Provided records START

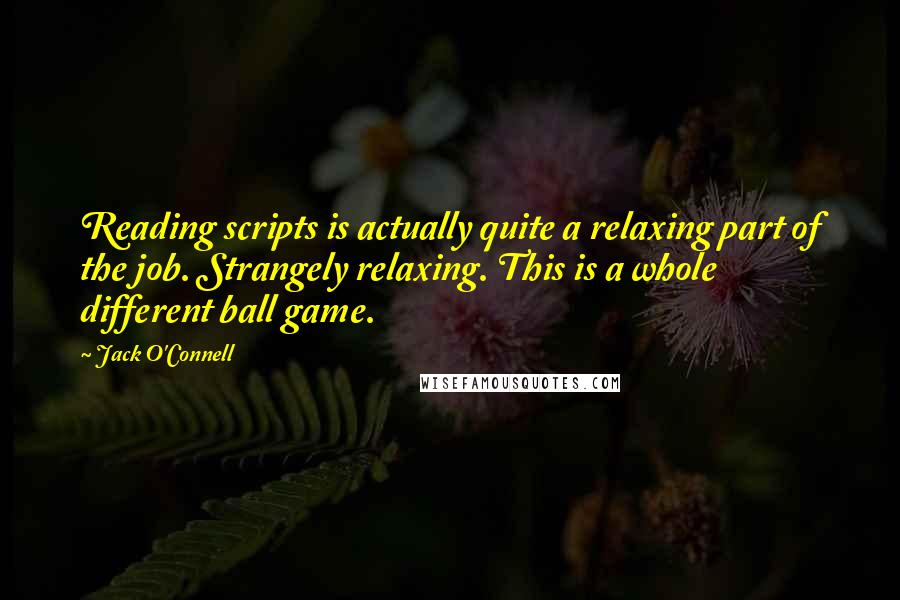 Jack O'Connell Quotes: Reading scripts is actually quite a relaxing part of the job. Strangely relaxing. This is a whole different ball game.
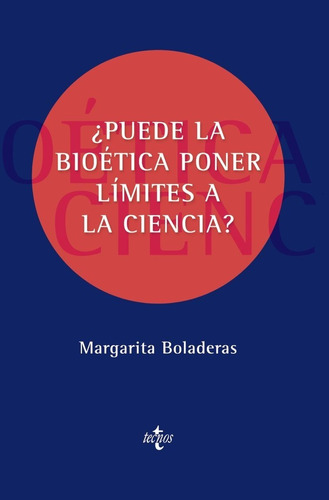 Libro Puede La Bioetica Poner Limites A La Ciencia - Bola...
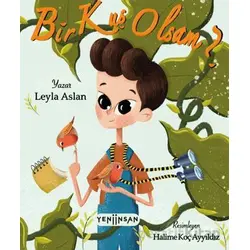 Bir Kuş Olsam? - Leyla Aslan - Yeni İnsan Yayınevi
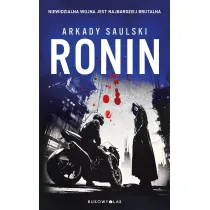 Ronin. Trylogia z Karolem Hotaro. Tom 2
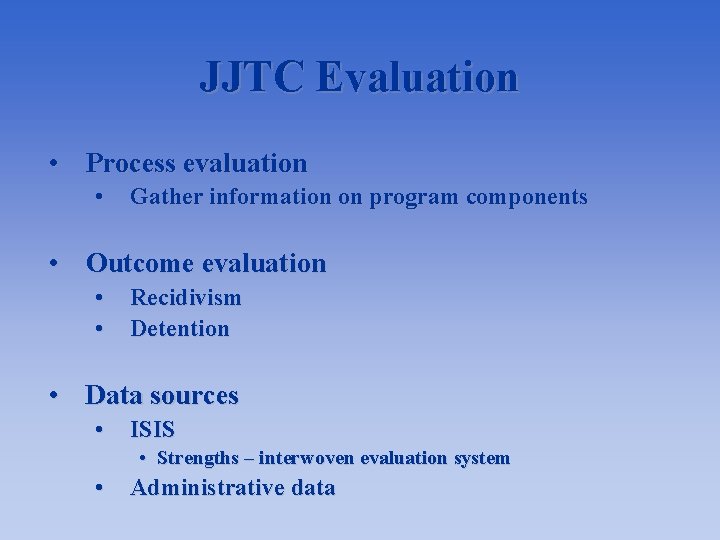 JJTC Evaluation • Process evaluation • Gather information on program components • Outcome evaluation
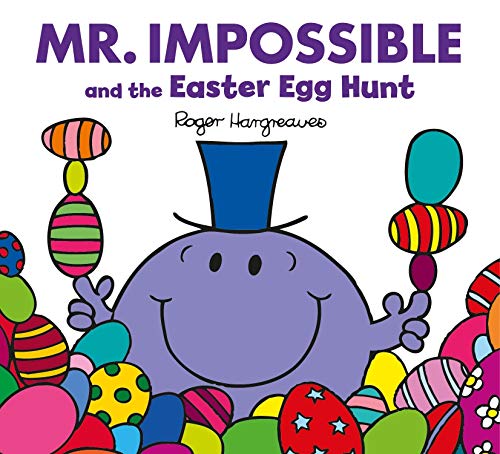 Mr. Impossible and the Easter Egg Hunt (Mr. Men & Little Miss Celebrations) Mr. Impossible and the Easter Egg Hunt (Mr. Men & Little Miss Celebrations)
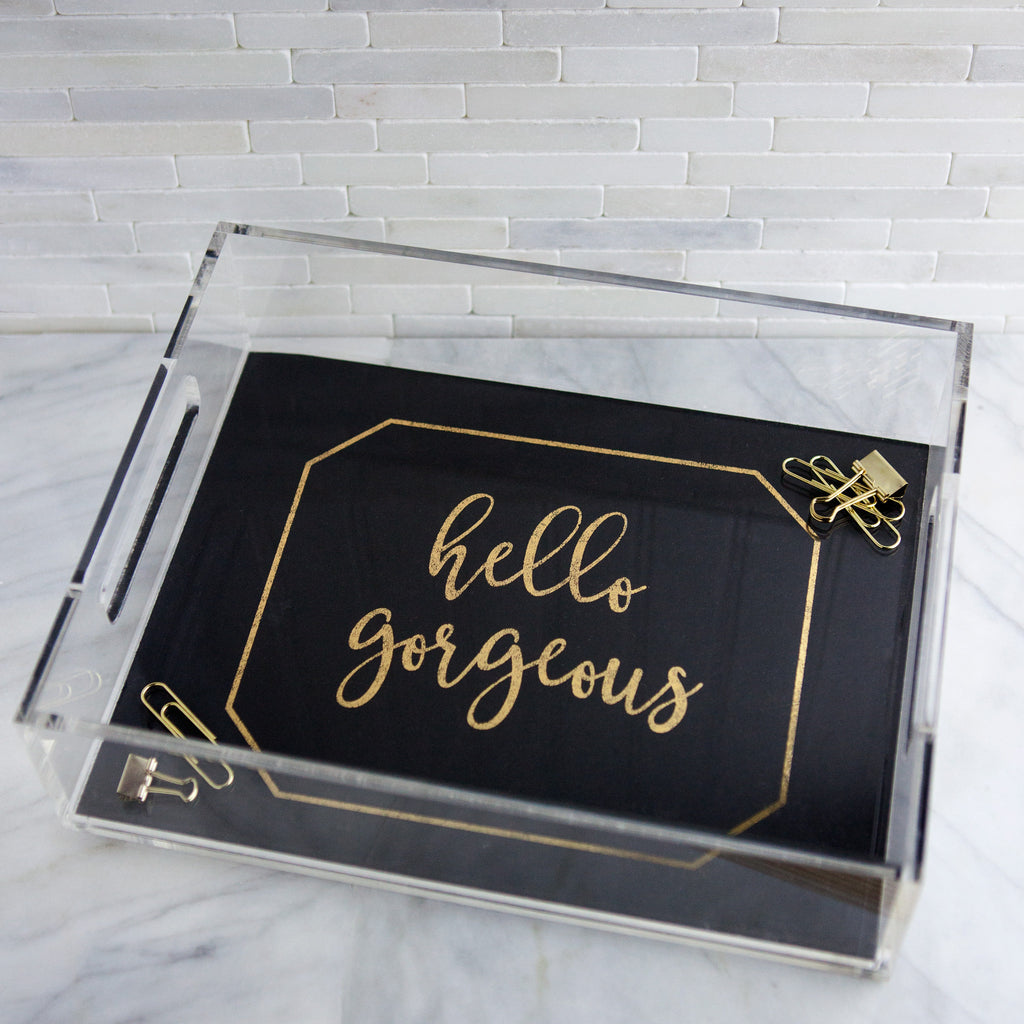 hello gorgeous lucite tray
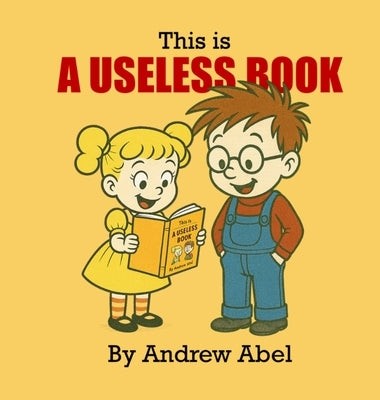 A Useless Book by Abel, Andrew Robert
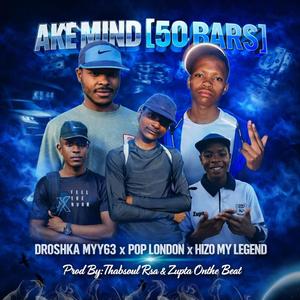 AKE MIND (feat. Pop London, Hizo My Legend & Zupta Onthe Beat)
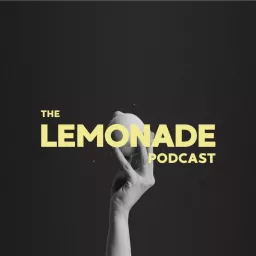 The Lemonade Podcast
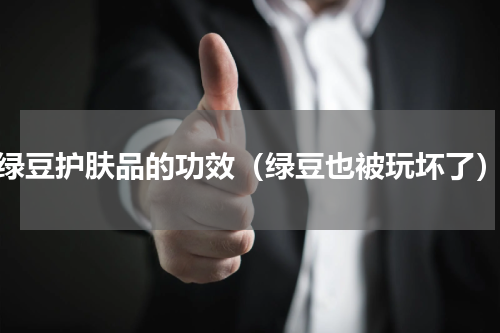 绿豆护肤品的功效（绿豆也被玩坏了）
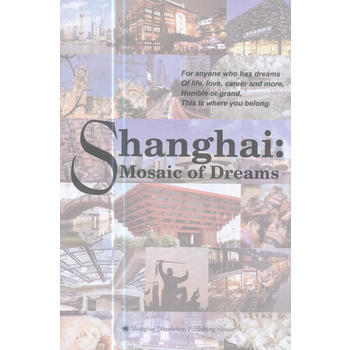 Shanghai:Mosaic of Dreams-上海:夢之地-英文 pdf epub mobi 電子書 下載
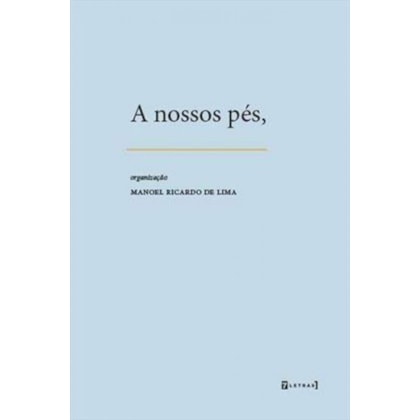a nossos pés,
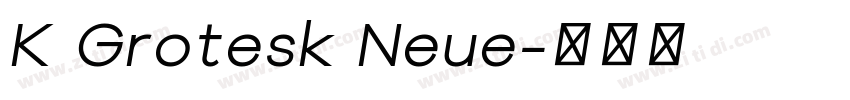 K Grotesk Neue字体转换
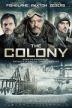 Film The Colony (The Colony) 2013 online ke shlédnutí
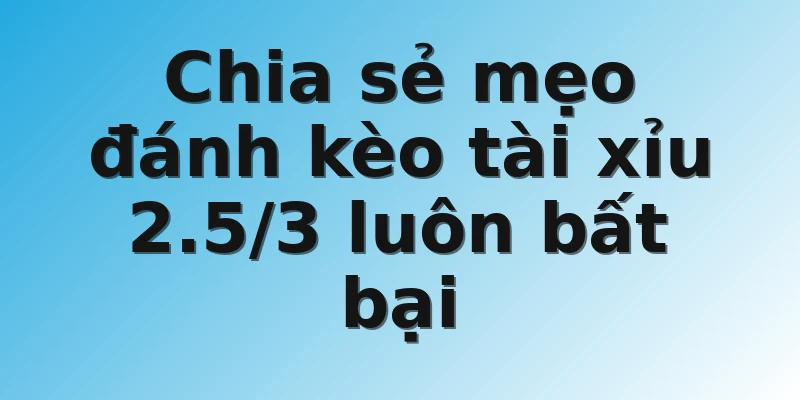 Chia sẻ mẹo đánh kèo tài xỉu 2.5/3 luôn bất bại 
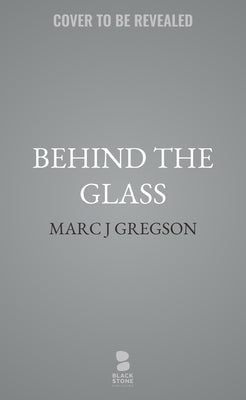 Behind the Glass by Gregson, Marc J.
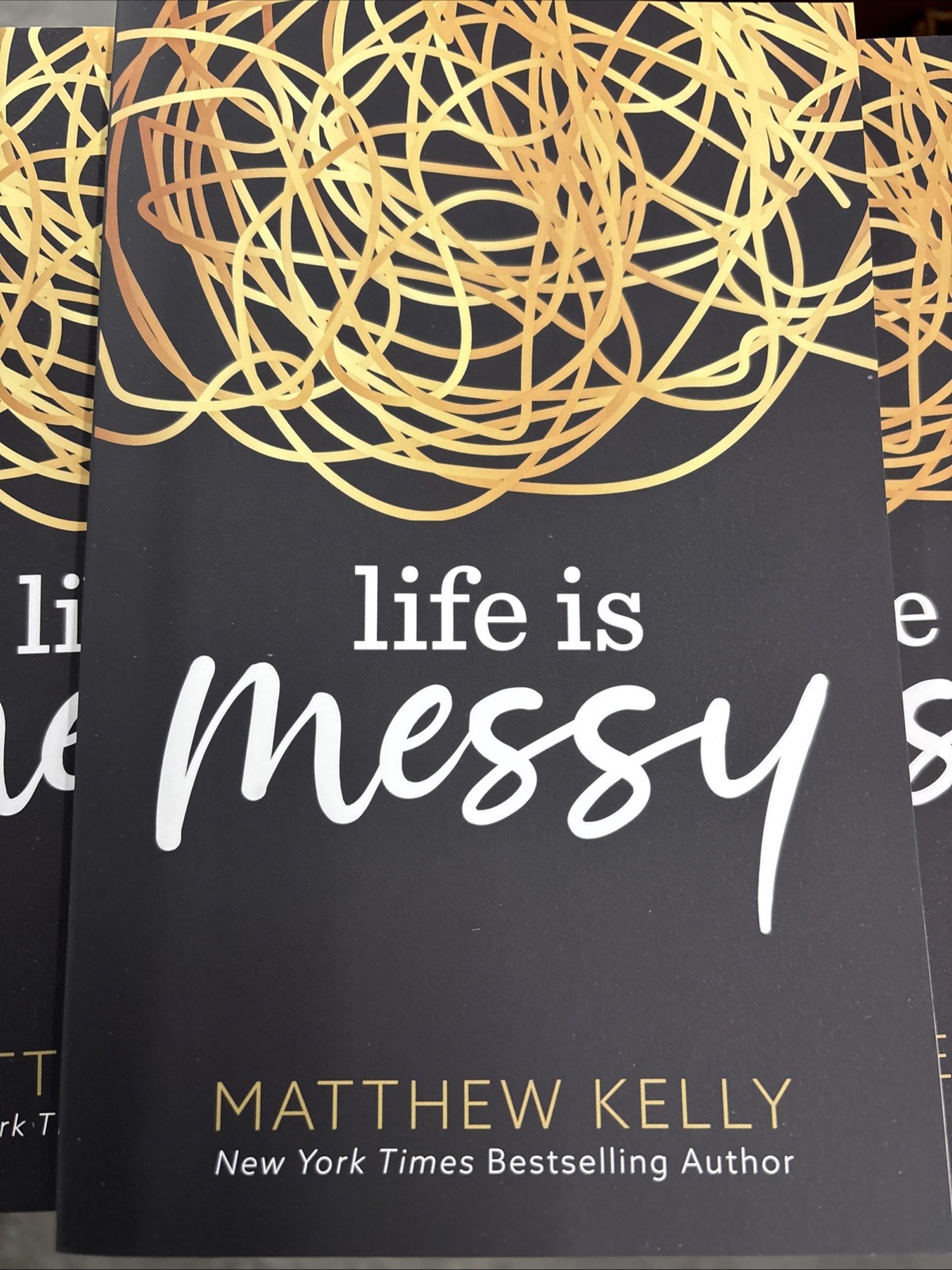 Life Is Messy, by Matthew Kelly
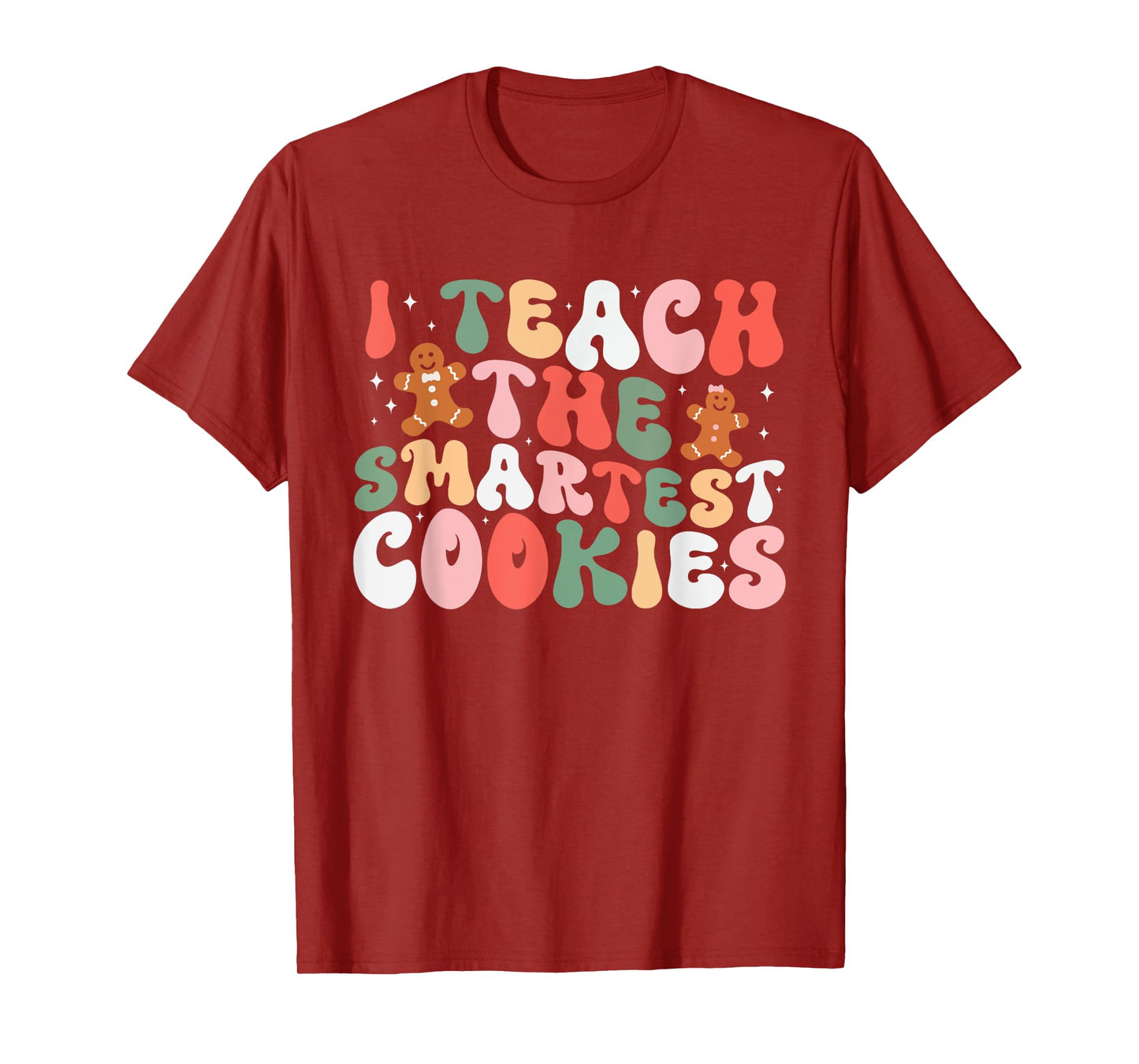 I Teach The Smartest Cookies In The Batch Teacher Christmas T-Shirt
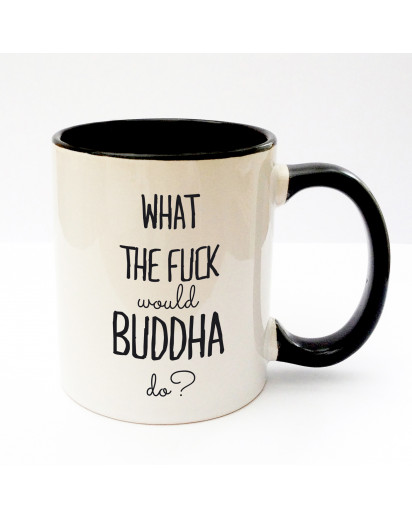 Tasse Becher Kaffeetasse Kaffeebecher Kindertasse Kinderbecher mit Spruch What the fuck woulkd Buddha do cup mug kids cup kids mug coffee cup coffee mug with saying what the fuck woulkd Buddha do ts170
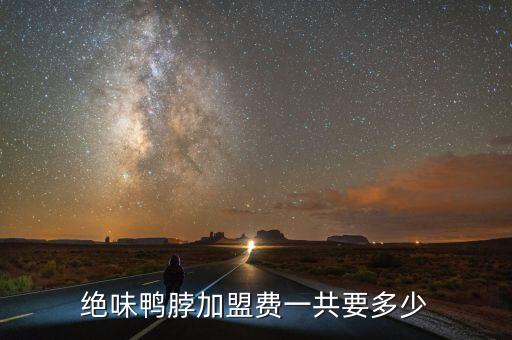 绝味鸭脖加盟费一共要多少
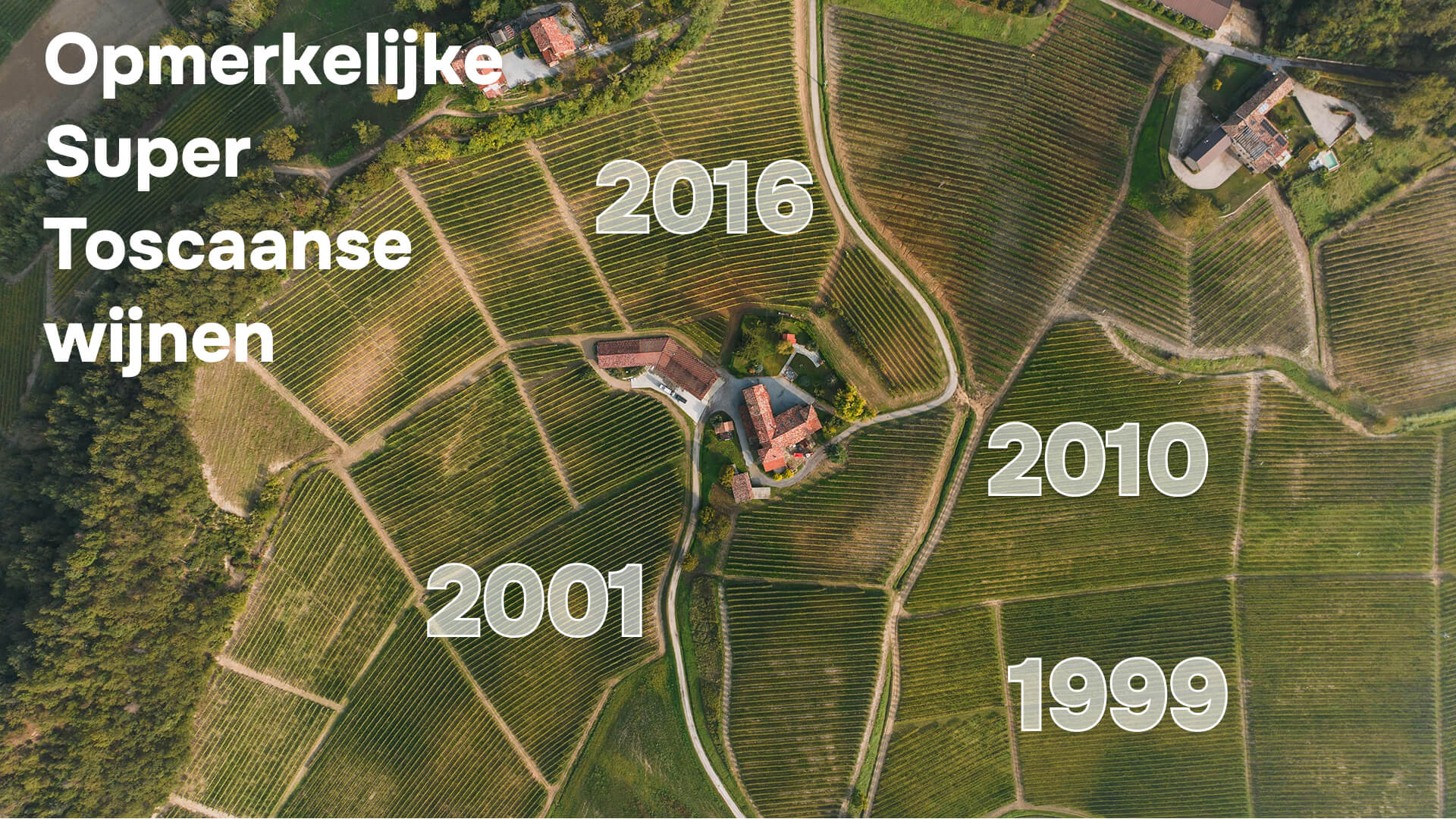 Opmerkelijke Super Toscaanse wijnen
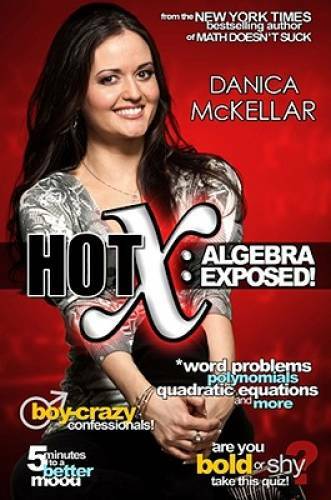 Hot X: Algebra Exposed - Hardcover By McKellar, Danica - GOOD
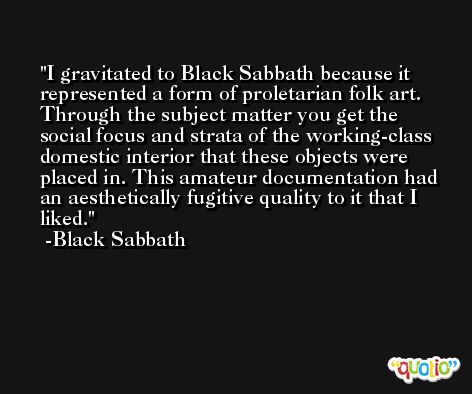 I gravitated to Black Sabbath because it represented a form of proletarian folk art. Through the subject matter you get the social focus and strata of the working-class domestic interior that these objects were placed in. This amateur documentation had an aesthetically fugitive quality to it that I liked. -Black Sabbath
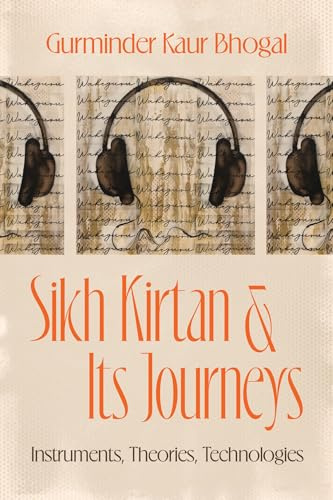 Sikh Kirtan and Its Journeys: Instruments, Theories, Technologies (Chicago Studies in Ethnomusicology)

Provided records END

= Exercise goal =
Give an exact copy of the listing above that leaves out every picture.

= Task answer =
 Jack O'Connell Quotes: Reading scripts is actually quite a relaxing part of the job. Strangely relaxing. This is a whole different ball game.
 Libro Puede La Bioetica Poner Limites A La Ciencia - Bola...
 Bir Kuş Olsam? - Leyla Aslan - Yeni İnsan Yayınevi
 Ronin. Trylogia z Karolem Hotaro. Tom 2
 JJTC Evaluation • Process evaluation • Gather information on program components • Outcome evaluation
 Mr. Impossible and the Easter Egg Hunt (Mr. Men & Little Miss Celebrations) Mr. Impossible and the Easter Egg Hunt (Mr. Men & Little Miss Celebrations)
 hello gorgeous lucite tray
 A Useless Book by Abel, Andrew Robert
 AKE MIND (feat. Pop London, Hizo My Legend & Zupta Onthe Beat)
 The Lemonade Podcast
 绿豆护肤品的功效（绿豆也被玩坏了）
 Shanghai:Mosaic of Dreams-上海:夢之地-英文 pdf epub mobi 電子書 下載
a nossos pés,
 K Grotesk Neue字体转换
 Film The Colony (The Colony) 2013 online ke shlédnutí
 Chia sẻ mẹo đánh kèo tài xỉu 2.5/3 luôn bất bại 
 Behind the Glass by Gregson, Marc J.
 Life Is Messy, by Matthew Kelly
 I Teach The Smartest Cookies In The Batch Teacher Christmas T-Shirt
 Tasse Becher Kaffeetasse Kaffeebecher Kindertasse Kinderbecher mit Spruch What the fuck woulkd Buddha do cup mug kids cup kids mug coffee cup coffee mug with saying what the fuck woulkd Buddha do ts170
 绝味鸭脖加盟费一共要多少
 Opmerkelijke Super Toscaanse wijnen
 Hot X: Algebra Exposed - Hardcover By McKellar, Danica - GOOD
 I gravitated to Black Sabbath because it represented a form of proletarian folk art. Through the subject matter you get the social focus and strata of the working-class domestic interior that these objects were placed in. This amateur documentation had an aesthetically fugitive quality to it that I liked. -Black Sabbath
 Sikh Kirtan and Its Journeys: Instruments, Theories, Technologies (Chicago Studies in Ethnomusicology)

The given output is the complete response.